## YOUR ASSIGNMENT
Your answer must be a single number: how many lines in the records include the word "Voorkant".

## SOURCE INFORMATION

---*---

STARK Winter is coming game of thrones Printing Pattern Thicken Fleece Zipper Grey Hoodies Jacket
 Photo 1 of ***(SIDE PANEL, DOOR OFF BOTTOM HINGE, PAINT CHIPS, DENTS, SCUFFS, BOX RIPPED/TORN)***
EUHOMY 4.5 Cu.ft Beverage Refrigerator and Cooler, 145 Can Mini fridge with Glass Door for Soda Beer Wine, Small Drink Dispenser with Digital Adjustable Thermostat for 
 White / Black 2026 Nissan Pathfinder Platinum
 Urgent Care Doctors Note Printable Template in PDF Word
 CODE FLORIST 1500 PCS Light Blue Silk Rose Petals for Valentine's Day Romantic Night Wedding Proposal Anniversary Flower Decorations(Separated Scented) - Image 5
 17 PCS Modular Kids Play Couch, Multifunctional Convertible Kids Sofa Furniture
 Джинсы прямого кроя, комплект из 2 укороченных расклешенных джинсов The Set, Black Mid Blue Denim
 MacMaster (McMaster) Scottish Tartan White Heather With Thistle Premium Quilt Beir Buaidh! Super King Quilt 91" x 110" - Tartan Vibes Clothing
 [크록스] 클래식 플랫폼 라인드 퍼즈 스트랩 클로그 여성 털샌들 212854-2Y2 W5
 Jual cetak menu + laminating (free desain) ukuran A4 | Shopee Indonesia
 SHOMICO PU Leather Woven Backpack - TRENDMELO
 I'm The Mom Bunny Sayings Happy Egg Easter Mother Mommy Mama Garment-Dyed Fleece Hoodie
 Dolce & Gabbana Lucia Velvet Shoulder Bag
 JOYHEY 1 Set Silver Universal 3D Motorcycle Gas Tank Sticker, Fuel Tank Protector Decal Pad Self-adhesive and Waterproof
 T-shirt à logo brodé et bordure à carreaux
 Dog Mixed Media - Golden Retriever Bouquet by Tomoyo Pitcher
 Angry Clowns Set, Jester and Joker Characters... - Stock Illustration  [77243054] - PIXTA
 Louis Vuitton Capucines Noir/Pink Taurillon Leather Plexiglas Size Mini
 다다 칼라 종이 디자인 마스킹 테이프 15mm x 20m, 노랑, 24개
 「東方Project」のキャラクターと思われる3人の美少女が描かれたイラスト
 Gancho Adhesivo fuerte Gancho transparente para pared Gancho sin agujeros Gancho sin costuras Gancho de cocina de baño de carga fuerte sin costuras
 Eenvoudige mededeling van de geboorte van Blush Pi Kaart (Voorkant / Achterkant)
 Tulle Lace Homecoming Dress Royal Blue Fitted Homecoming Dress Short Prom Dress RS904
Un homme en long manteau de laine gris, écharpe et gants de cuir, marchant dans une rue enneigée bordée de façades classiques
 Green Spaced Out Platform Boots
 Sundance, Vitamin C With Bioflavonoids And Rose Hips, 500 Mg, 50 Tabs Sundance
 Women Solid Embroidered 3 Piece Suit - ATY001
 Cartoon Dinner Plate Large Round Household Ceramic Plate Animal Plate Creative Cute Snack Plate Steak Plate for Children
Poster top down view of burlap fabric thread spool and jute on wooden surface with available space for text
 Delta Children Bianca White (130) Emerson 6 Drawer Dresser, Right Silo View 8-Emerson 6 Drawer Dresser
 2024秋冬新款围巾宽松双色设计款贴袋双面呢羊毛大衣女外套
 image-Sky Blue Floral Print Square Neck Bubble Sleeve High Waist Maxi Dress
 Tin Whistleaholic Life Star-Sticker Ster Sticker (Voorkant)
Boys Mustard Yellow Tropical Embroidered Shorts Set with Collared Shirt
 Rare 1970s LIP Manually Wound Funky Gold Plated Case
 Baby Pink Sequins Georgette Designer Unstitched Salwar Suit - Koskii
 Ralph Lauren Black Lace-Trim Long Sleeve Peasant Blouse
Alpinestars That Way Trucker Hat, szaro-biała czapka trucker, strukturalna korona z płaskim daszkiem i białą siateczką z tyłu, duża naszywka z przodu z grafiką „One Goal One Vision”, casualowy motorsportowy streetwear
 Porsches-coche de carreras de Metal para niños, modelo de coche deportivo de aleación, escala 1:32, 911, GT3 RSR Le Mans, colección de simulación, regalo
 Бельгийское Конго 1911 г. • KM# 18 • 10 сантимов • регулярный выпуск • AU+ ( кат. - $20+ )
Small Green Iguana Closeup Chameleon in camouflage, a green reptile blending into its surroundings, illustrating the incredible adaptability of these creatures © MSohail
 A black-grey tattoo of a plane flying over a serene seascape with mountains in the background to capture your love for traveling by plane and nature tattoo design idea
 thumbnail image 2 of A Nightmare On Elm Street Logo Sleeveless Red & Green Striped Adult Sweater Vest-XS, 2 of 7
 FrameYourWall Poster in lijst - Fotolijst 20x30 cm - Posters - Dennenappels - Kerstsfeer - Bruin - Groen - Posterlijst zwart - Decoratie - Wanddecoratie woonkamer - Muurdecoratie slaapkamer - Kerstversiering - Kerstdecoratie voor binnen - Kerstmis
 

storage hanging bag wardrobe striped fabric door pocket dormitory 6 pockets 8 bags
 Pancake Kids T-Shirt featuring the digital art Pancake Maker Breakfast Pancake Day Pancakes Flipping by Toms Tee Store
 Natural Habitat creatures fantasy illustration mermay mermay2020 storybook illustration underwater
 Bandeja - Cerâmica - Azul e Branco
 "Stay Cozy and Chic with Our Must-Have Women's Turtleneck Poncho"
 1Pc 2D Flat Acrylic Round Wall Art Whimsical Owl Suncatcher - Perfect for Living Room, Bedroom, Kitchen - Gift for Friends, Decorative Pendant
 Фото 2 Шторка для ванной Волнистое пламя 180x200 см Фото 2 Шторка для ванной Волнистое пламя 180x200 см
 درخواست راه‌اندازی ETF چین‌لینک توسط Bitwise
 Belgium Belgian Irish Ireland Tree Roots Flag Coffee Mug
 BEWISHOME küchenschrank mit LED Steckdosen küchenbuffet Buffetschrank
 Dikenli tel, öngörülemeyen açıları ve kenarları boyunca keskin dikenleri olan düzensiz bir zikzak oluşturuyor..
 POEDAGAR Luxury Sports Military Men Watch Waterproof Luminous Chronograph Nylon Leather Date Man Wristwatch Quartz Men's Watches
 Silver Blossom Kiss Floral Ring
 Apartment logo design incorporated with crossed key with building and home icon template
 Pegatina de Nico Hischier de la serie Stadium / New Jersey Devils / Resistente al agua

---*---

## ANSWER FOR THE TASK
2